Concepedia

TLDR

High‑resolution global climate modeling can simultaneously capture planetary‑scale modes and small‑scale regional or extreme features and their interactions. The paper presents a new state‑of‑the‑art high‑resolution Community Earth System Model simulation designed to achieve these capabilities. The simulation used a 0.25° atmospheric grid and 0.1° ocean grid over 100 present‑day years, with single‑component and standard‑resolution coupled runs for comparison, and ran on 23,404 cores costing 250 k processor‑hours per simulated year, producing about two simulated years per day on Yellowstone. The high‑resolution run accurately reproduced equatorial Pacific SST and ENSO variability, reduced tropical and southern Atlantic SST bias, and resolved small‑scale features such as air‑sea interaction over frontal zones, mesoscale systems from the Rockies, and tropical cyclones.

Abstract

Abstract High‐resolution global climate modeling holds the promise of capturing planetary‐scale climate modes and small‐scale (regional and sometimes extreme) features simultaneously, including their mutual interaction.

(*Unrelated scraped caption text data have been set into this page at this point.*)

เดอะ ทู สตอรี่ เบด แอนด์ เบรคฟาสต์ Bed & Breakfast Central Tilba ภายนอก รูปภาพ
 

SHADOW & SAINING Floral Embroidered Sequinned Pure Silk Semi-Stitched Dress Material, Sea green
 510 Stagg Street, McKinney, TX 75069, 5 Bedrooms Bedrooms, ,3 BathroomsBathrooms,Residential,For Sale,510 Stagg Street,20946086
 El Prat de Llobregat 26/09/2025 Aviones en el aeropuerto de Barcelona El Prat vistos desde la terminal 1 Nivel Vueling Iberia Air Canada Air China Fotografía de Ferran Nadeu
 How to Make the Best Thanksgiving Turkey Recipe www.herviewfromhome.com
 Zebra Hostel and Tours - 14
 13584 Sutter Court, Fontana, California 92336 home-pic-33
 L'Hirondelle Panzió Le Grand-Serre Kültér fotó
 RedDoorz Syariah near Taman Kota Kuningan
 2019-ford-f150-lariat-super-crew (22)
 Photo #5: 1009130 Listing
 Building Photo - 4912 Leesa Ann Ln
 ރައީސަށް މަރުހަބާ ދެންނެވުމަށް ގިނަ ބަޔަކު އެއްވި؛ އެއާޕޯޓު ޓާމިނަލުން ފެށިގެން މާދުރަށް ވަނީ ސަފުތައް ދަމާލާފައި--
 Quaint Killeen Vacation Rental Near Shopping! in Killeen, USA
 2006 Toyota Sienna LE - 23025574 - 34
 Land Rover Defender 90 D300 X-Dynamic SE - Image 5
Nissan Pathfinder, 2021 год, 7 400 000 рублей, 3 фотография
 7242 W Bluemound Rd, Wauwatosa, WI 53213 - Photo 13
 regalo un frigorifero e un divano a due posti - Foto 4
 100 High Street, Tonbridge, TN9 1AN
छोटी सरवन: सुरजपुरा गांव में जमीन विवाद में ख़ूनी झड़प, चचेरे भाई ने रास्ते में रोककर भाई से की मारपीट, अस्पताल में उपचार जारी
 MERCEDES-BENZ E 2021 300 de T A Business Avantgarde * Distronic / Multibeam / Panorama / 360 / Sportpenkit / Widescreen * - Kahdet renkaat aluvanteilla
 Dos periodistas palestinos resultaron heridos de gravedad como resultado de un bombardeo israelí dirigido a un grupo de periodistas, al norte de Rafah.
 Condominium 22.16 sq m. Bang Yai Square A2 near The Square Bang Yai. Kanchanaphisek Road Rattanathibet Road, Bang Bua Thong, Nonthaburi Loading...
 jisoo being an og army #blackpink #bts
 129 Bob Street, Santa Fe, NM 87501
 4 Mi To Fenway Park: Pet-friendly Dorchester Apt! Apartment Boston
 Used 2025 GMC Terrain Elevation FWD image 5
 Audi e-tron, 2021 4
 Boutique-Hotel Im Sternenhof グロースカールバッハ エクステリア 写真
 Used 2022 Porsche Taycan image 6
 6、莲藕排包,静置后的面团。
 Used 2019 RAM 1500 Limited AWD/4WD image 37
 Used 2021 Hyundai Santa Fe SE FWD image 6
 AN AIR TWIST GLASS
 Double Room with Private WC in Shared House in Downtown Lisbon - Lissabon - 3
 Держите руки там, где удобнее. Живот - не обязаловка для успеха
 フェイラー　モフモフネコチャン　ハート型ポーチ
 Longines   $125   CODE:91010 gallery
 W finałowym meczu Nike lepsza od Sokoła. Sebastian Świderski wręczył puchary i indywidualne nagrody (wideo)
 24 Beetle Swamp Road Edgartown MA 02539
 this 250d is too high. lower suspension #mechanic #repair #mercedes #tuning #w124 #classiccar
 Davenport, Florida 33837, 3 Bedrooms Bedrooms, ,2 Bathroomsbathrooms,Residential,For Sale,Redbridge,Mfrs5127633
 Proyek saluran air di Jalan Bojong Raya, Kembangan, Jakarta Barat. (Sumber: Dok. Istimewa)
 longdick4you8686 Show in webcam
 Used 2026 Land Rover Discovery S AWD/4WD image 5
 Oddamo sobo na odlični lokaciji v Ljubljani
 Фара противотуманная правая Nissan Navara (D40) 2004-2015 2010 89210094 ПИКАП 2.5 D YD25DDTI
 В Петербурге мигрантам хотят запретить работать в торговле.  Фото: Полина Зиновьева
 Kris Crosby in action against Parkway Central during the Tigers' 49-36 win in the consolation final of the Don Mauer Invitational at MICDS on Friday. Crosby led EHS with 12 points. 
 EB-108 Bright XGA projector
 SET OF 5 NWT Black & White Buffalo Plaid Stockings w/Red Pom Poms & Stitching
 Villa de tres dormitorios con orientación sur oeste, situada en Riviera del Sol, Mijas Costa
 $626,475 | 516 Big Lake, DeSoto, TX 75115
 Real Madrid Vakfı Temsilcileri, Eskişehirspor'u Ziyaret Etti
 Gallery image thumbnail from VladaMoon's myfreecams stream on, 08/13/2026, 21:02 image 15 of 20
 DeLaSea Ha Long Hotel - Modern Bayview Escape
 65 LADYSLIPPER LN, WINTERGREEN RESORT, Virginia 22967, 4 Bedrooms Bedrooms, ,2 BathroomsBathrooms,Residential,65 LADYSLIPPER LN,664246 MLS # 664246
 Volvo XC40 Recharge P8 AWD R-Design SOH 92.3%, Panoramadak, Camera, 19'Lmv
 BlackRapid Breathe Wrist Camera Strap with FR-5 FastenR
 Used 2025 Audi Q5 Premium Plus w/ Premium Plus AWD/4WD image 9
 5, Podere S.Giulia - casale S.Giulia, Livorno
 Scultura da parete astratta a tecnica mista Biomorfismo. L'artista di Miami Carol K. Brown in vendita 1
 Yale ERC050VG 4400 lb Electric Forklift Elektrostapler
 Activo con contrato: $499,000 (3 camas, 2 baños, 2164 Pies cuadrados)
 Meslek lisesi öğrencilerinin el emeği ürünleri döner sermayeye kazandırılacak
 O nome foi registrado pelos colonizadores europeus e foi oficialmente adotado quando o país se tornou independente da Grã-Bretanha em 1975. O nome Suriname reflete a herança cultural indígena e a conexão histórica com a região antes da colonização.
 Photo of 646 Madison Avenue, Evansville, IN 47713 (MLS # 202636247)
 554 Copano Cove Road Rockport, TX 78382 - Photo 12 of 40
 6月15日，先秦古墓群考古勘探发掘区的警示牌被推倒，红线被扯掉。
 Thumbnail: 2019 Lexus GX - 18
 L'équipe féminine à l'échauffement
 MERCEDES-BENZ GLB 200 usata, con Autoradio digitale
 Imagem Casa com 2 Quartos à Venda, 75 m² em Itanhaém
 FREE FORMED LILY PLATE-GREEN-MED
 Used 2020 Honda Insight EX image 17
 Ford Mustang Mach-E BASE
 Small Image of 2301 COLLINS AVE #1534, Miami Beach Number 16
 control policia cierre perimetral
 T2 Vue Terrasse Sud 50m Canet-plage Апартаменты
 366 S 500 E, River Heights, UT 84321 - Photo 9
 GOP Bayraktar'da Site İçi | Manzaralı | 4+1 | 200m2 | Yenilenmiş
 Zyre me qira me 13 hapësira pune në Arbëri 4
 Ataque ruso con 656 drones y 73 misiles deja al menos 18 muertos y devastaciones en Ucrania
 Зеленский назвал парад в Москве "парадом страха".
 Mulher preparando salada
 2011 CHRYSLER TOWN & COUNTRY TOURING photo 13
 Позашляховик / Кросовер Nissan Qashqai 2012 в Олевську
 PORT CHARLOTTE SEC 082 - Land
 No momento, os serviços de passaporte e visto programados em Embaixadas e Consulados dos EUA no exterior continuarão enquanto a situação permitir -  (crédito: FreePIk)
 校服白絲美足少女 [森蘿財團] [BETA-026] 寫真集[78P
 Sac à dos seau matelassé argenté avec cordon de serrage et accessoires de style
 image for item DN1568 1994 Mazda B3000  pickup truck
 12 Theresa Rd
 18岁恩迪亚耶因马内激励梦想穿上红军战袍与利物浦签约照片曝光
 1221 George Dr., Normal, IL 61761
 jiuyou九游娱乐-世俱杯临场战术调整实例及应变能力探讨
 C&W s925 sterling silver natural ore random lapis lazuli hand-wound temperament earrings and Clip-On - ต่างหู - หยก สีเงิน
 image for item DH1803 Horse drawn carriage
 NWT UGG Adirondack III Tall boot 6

This paper discusses a new state‐of‐the‐art high‐resolution Community Earth System Model (CESM) simulation that was performed with these goals in mind. The atmospheric component was at 0.25° grid spacing, and ocean component at 0.1°. One hundred years of “present‐day” simulation were completed. Major results were that annual mean sea surface temperature (SST) in the equatorial Pacific and El‐Niño Southern Oscillation variability were well simulated compared to standard resolution models. Tropical and southern Atlantic SST also had much reduced bias compared to previous versions of the model. In addition, the high resolution of the model enabled small‐scale features of the climate system to be represented, such as air‐sea interaction over ocean frontal zones, mesoscale systems generated by the Rockies, and Tropical Cyclones. Associated single component runs and standard resolution coupled runs are used to help attribute the strengths and weaknesses of the fully coupled run. The high‐resolution run employed 23,404 cores, costing 250 thousand processor‐hours per simulated year and made about two simulated years per day on the NCAR‐Wyoming supercomputer “Yellowstone.”